$5^{\lceil \frac x 2 \rceil}$ (Which Operation?) x = $5^{\lceil \frac x2\ + 1 ) \rceil}$
$x$ can be any value that can help equate this for induction.
I'm confused on how the algebra would work to get from $5^{\lceil \frac x 2 \rceil}$ to change it to $(x+1)\over 2$ in the ceiling function itself.
The wording of the question is still unclear and the notation inconsistent, but I'll take a chance that you are really asking about $5^{\lceil(x+1)/2\rceil}$ and not $5^{\lceil x+(1/2)\rceil}$ on the right-hand side of the equation.

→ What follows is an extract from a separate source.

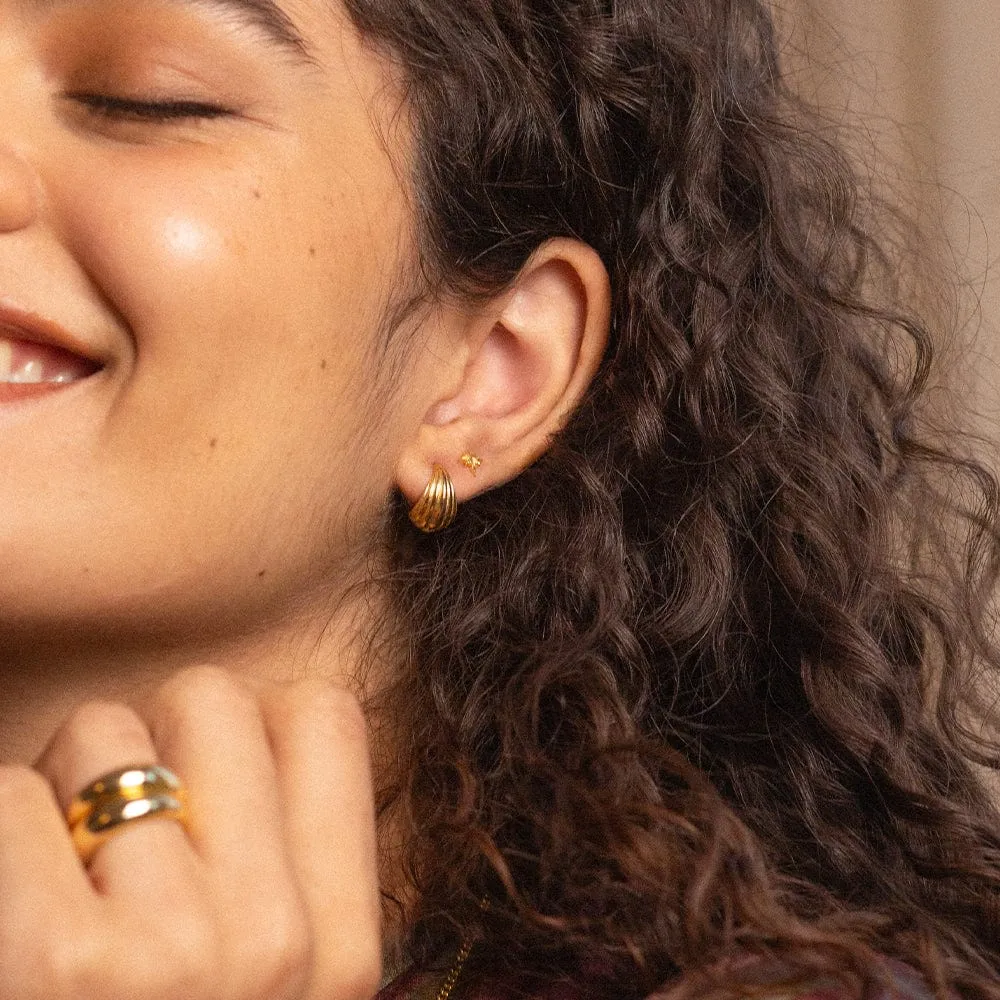 Shining Star Earring Stack 18ct Gold Plate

Although you cannot prove a general fact just by looking at a few examples, sometimes it helps to look at examples anyway, especially if you do not know exactly what fact you are trying to prove. A few examples can give a hint about a general pattern.

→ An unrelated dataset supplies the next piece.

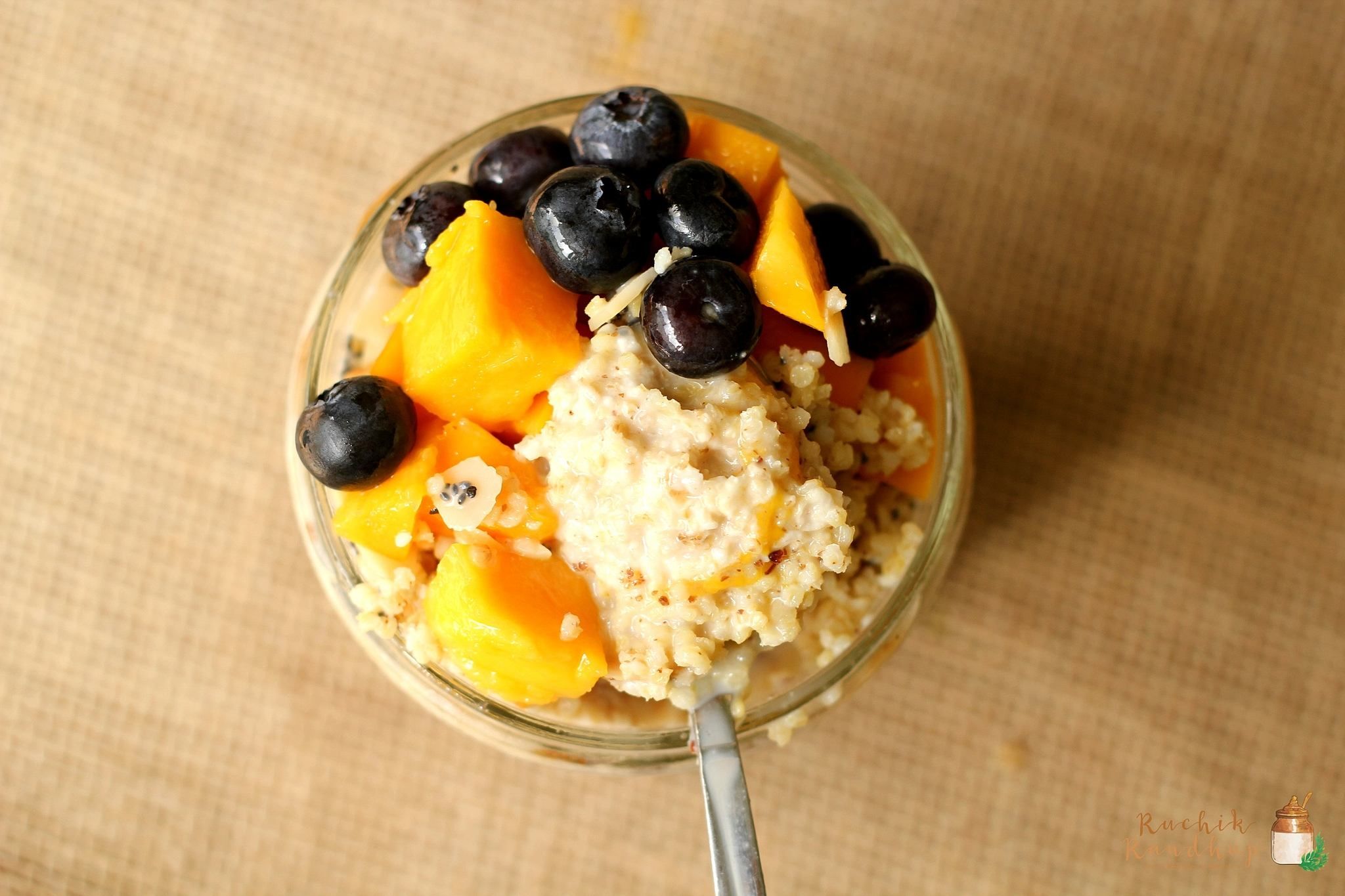 Mango & Millet Overnight Oats Ruchik Randhap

The ceiling function $\left\lceil \frac x2 \right\rceil$ increases by $1$ whenever $x$ increases by $2$, that is, $$\left\lceil \frac 12 \right\rceil = 1, \quad \left\lceil \frac 22 \right\rceil = 1, \quad \left\lceil \frac 32 \right\rceil = 2, \quad \left\lceil \frac 42 \right\rceil = 2, \quad \left\lceil \frac 52 \right\rceil = 3,$$ and so forth. So a few examples of the known parts of your equation (the $5^n$ pieces on the left-hand and right-hand sides) with $x=1,2,3,4,5,6$ gives this:
\begin{align} 5^{\lceil 1/2 \rceil} &= 5 & 5^{\lceil(1+1)/2\rceil} &= 5 \\ 5^{\lceil 2/2 \rceil} &= 5 & 5^{\lceil(2+1)/2\rceil} &= 25 \\ 5^{\lceil 3/2 \rceil} &= 25 & 5^{\lceil(3+1)/2\rceil} &= 25 \\ 5^{\lceil 4/2 \rceil} &= 25 & 5^{\lceil(4+1)/2\rceil} &= 125 \\ 5^{\lceil 5/2 \rceil} &= 125 & 5^{\lceil(5+1)/2\rceil} &= 125 \\ 5^{\lceil 6/2 \rceil} &= 125 & 5^{\lceil(6+1)/2\rceil} &= 625 \end{align}
You may notice a pattern. Actually you should notice two patterns, one for the cases where $x$ is even and a different pattern for the cases where $x$ is odd.
It is perfectly OK for a fact to have separate statements for when $x$ is even and when $x$ is odd, or for an inductive proof to have two different cases for the inductive step, one for $n$ even and one for $n$ odd.